Task prompt |
Reproduce from the records below, with no pictures, exactly the lines between the one containing "Departamento en Venta" and the one containing "EBRAHIM EID MUSTANG N/A 9.74 @ 224 KM/H", inclusive.

──────── Records supplied

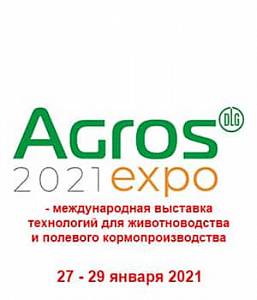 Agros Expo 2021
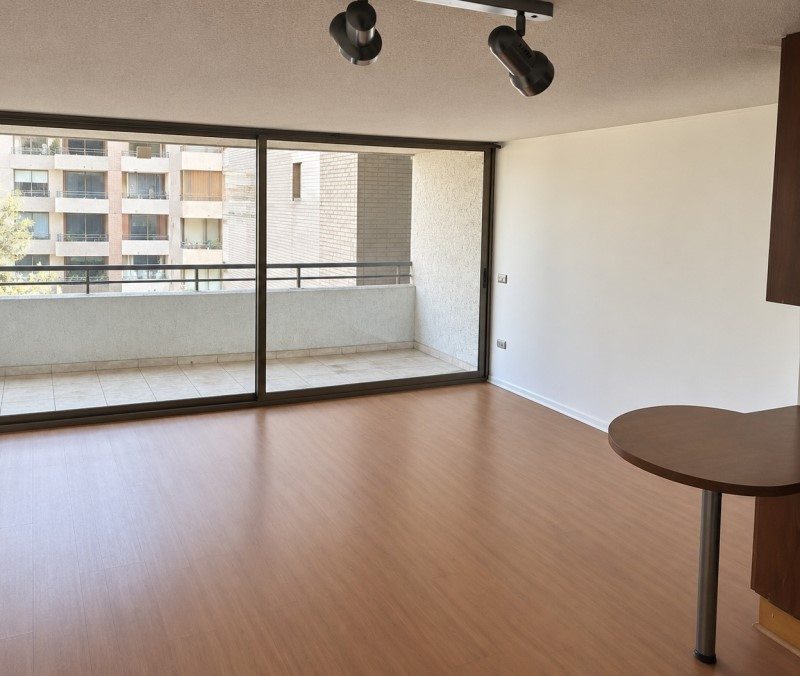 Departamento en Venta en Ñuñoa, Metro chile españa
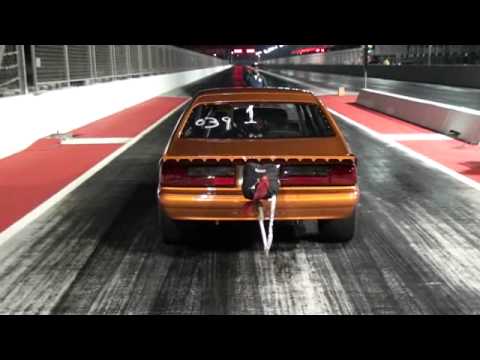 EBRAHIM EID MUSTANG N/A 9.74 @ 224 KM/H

────────────────
──────── Records supplied

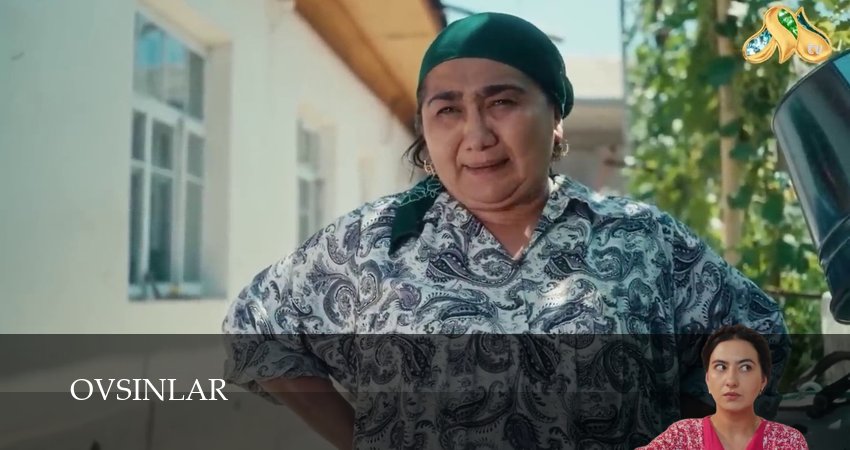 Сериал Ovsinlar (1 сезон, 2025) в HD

────────────────

Response area |
 Departamento en Venta en Ñuñoa, Metro chile españa
 EBRAHIM EID MUSTANG N/A 9.74 @ 224 KM/H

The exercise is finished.